El proceso de rescate de valores nacionales toma tiempo siempre, el necesario para convencer de ese denuedo simbólico y arduo y naturalmente brinda el tiempo necesario para consolidar los valores olvidados y sepultos en trayectorias anteriores. El discurso populista siempre tendrá justificación porque la redención no se da en un amanecer. Aquí es donde aparece la obra monumental, la obra del legado, la insignia que marca el derrotero de toda etapa transcurrida. Tiene que ser monumental para significar la gallardía del rescate plenario y ahondar la brecha tendida a propósito para marcar la diferencia que debe existir entre el poderío del liderazgo y los seguidores. Esa gran distancia abre toda perspectiva de dominio en la admiración y el arrojo que recibirá el pueblo y generaciones futuras.
Pero no todo es tan simple; la obra monumental requiere de programas, planes de negocio, plazos de recuperación, vida útil probable y planeación, mucha planeación. A la distancia de cuatro años no se dio.

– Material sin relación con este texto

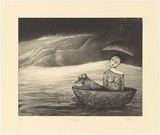 Artist: Perrow, Deborah. | Title: Mission | Date: 2001 | Technique: etching, printed in black ink, from one plate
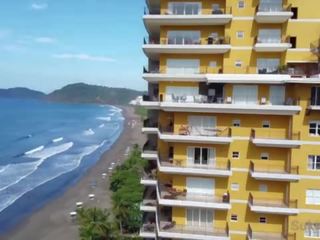 Baszás tovább a penthouse erkély -ban jaco tengerpart costa rica &lpar; andy vad & sukisukigirl &rpar;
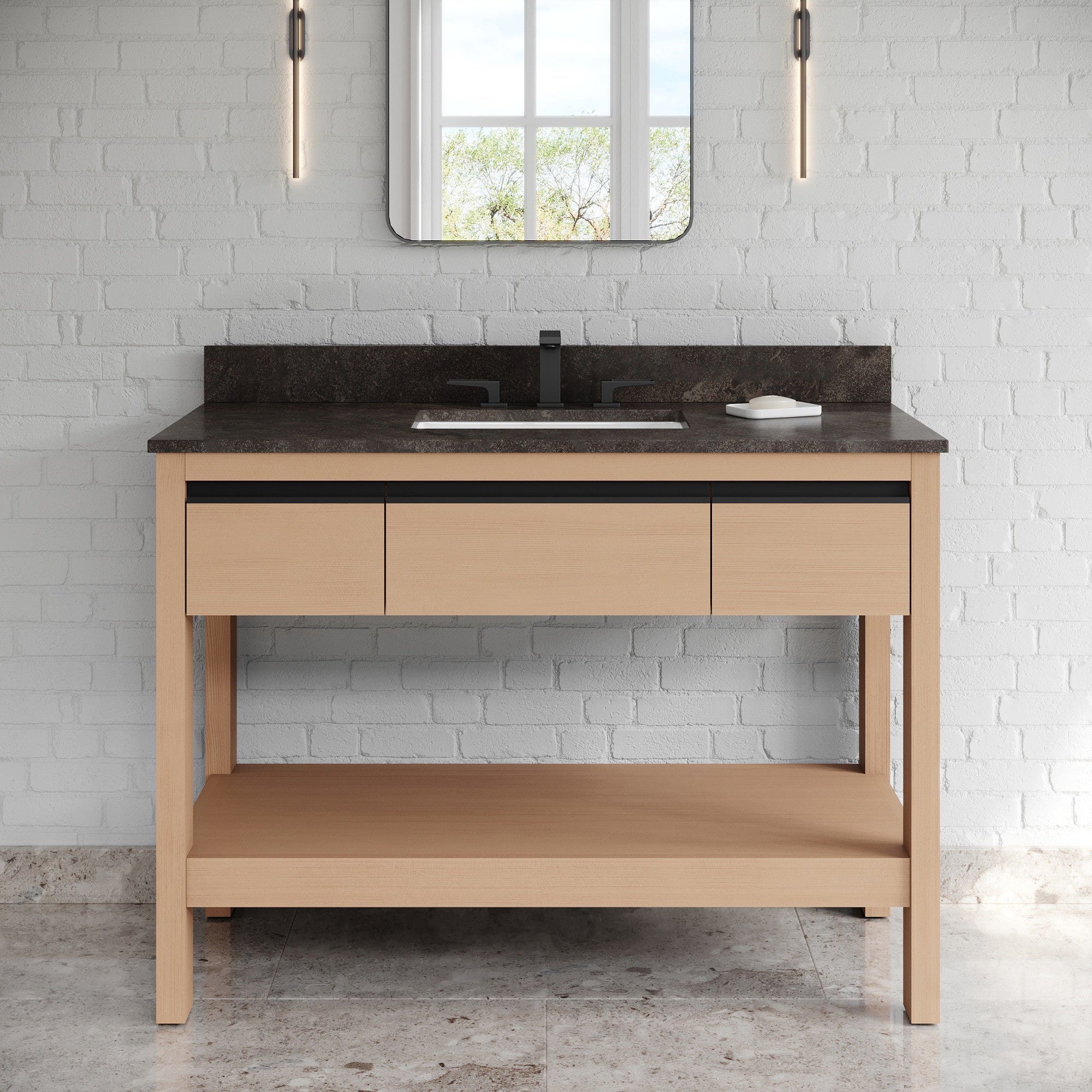 48" Jubilee Vanity – Natural Oak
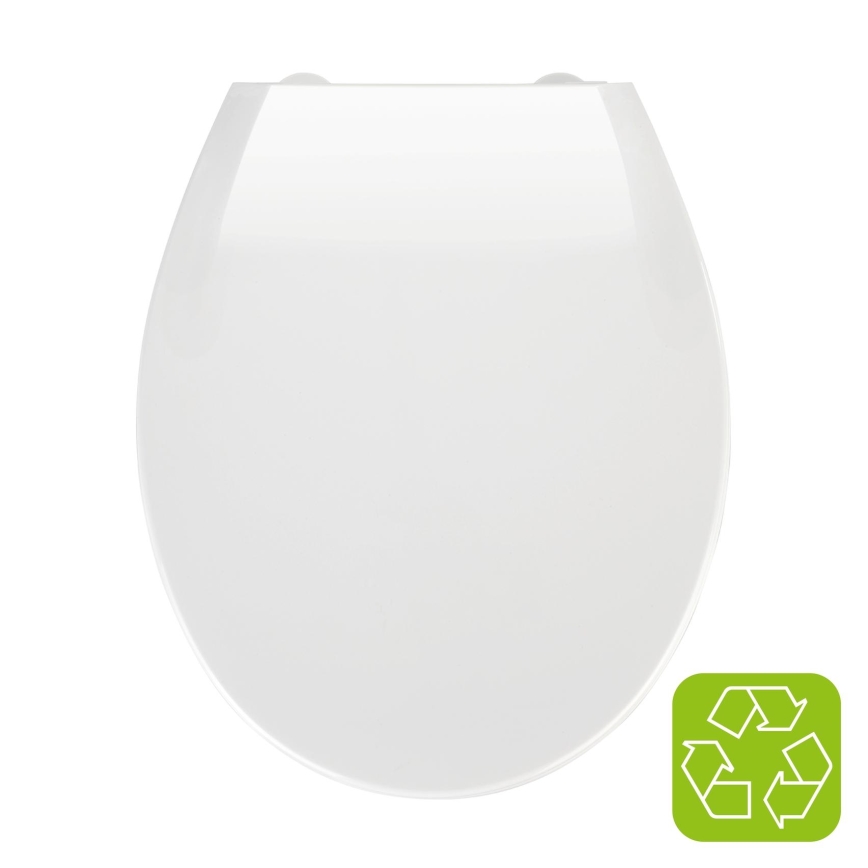 WENKO 21901100-WC sedátko KOS 44x37 cm bílá/stříbrná
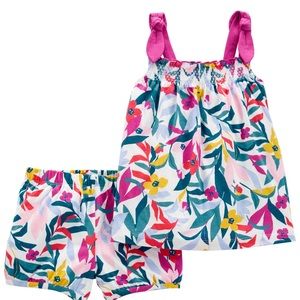 2-Piece Tropical Tank & Short Set 🌴❤️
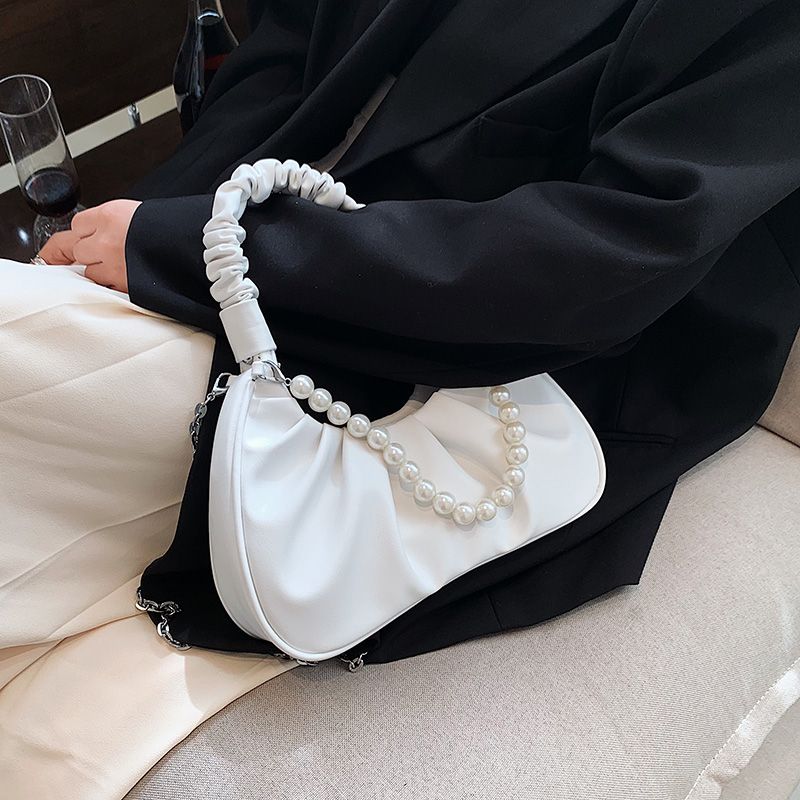 Perla Damska Mała Luksusowa Torebka Typu Crossbody - Czarny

La obra monumental está entrampada en la improvisación, en la corrupción desmedida, en esa vorágine presupuestal que no dimensiona horizonte de término y puesta en marcha. El equilibrio que alguna vez se pensó en esa avalancha sin precedente que inundaba el discurso de inicio, que situaba bienestar en las capas sociales, que atendía salud y educación y legaba el significado de la obra trascendente, se ha convertido en derroche singular, en metas interrumpidas todas y en tiempos traicioneros.
De inicio todo fue intencional. Se buscaba la excusa para desbocar el gasto público trastocando inversión pública en ese afán de interpretación que marcó el presidente para significar de la cosa pública negocios públicos. Lo hizo pensando en la cercanía y versatilidad para desmantelar concepciones de ahorro, de reservas y de recursos en encargo fiduciario. La dimensión de sus afanes constructores era la fórmula perfecta. Le era indispensable. Pero ahora estamos inmersos en trampas de tiempo. Los tiempos no dan y los recursos tampoco. Los descuidos de muchas áreas ya alcanzaron la calígine presupuestal del descuido y del abandono.
El eufemismo como salida ya no brinda el tiempo de conclusión de las tres obras insignia. La disciplina hasta ahora autónoma no ha comprado los bonos que ya se encuentran descontados de tiempo atrás en la inversión. Como la austeridad quedó trascendida, habría que buscar el sinónimo adecuado a la siguiente fase de pobreza. Se encontró el término pero no la solución. Sabemos de sobra que la austeridad jamás existió, como también sabemos que la pobreza anunciada será otra más de las maniobras a las que acude esta transición. Entonces vienen las etiquetas que justifican los desvíos presupuestales para seguir destinando recursos como los 45 000 millones a Sener y 20 000 al tren.
Siete billones de pesos no es más que la culminación de esta farsa llamada populismo y autonombrada transformación por su creador e impulsor. Nunca ningún presidente tuvo presupuesto semejante a su alcance, aún equiparando precios de uno y otro período. Nunca un presidente ha sido tan encumbrado en índices de popularidad ante un dispendio sin precedente en nuestra historia. Esta irresponsabilidad ha sido festinada y premiada. No por siempre, esperemos.